(Captioned web images)

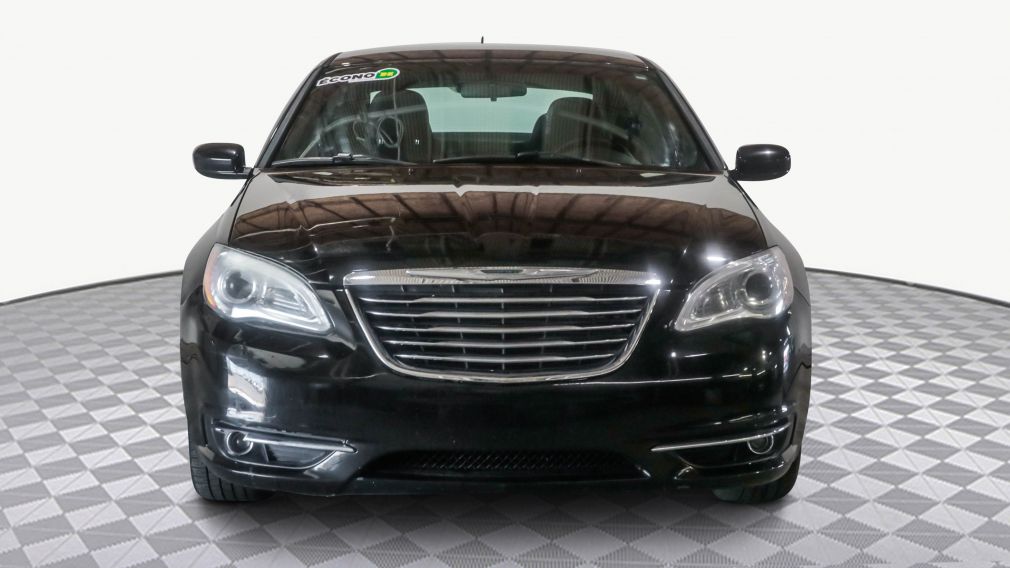 2013 Chrysler 200 Touring AUTO A/C GR ELECT MAGS #2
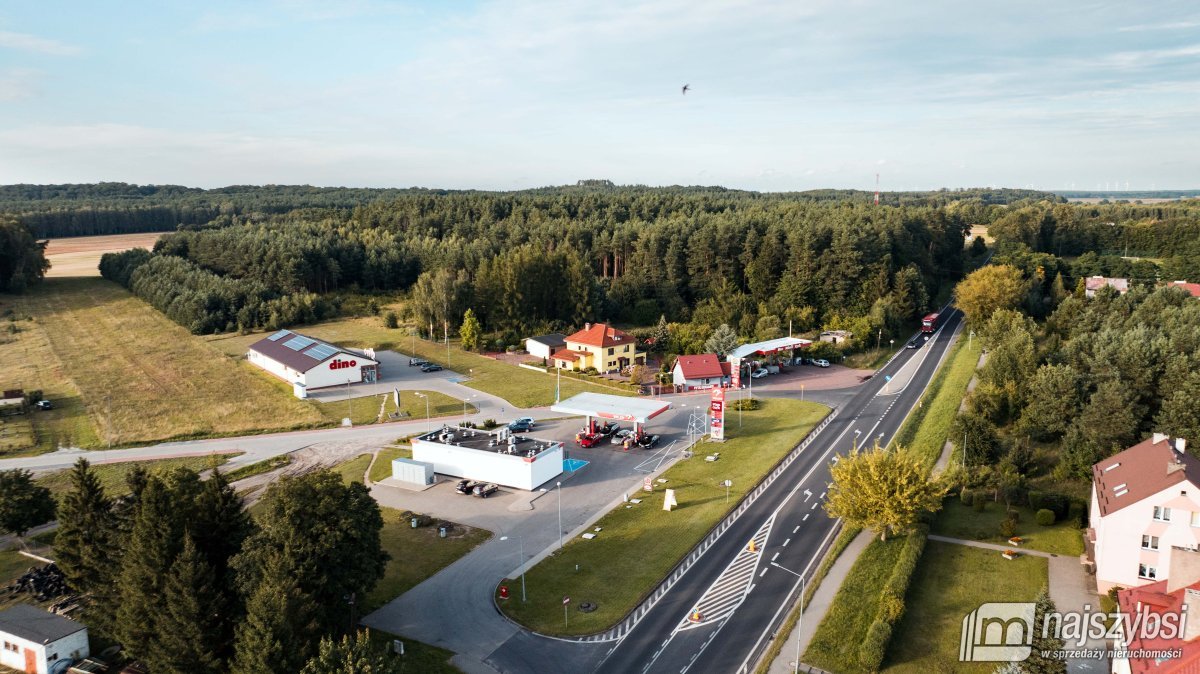 LOKAL USŁUGOWY PRZY GŁOWNEJ DRODZE RYMAŃ (13)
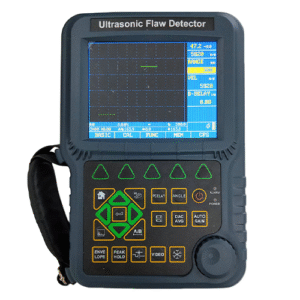 Enviro Test Construct Ultrasonic Flaw Detector Crack Loose Pore Inclusion Detection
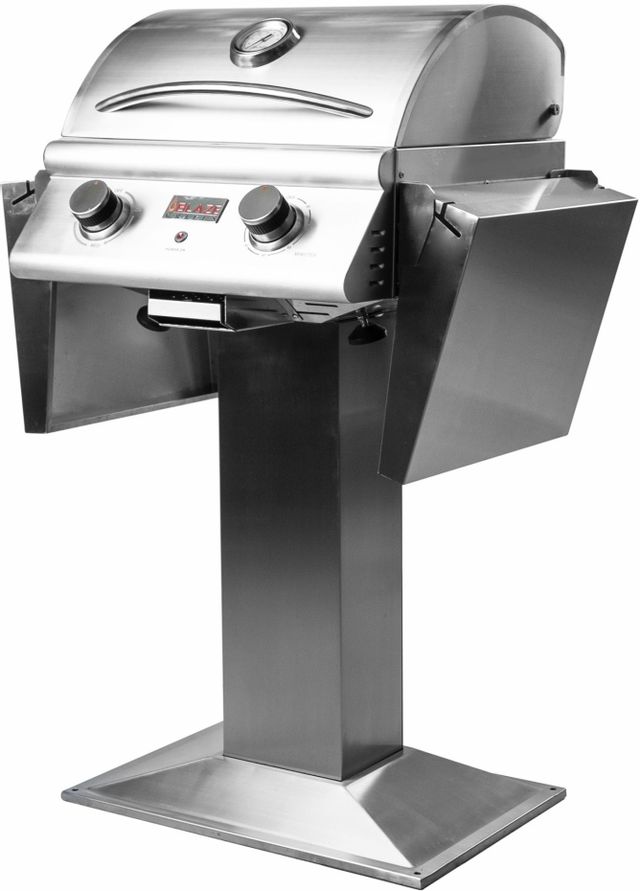 Blaze® Grills Stainless Steel Electric Grill 2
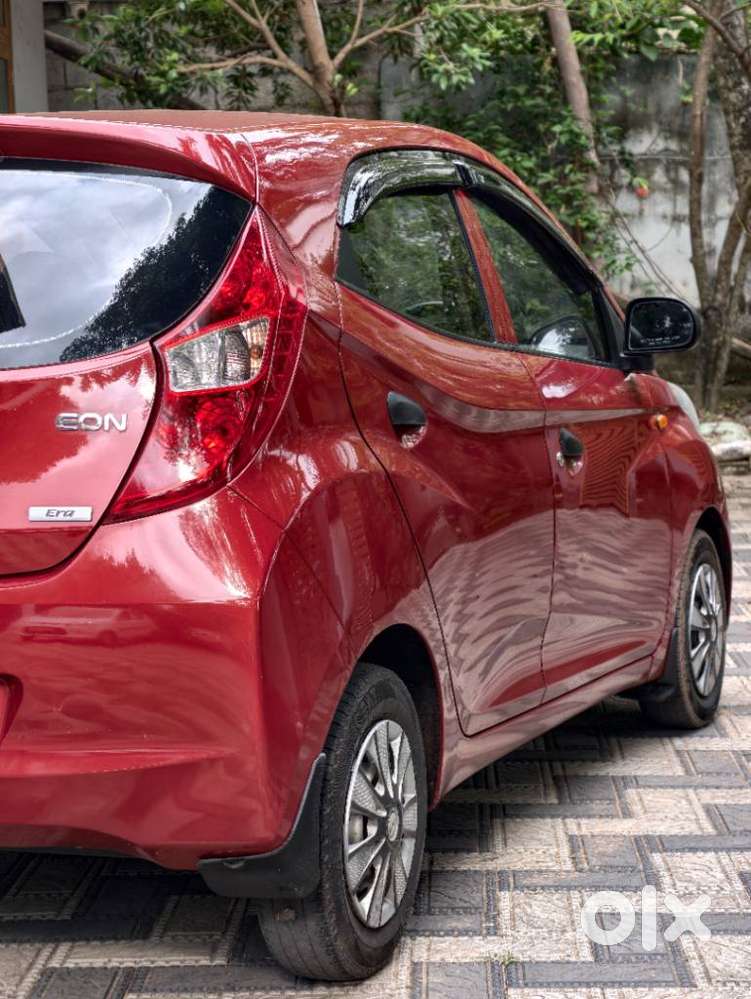Hyundai Eon D Lite, 2013, Petrol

### What is needed
Restate all of the data word for word and include no pictures.

### Solved problem
 2013 Chrysler 200 Touring AUTO A/C GR ELECT MAGS #2
 LOKAL USŁUGOWY PRZY GŁOWNEJ DRODZE RYMAŃ (13)
 Enviro Test Construct Ultrasonic Flaw Detector Crack Loose Pore Inclusion Detection
 Blaze® Grills Stainless Steel Electric Grill 2
Hyundai Eon D Lite, 2013, Petrol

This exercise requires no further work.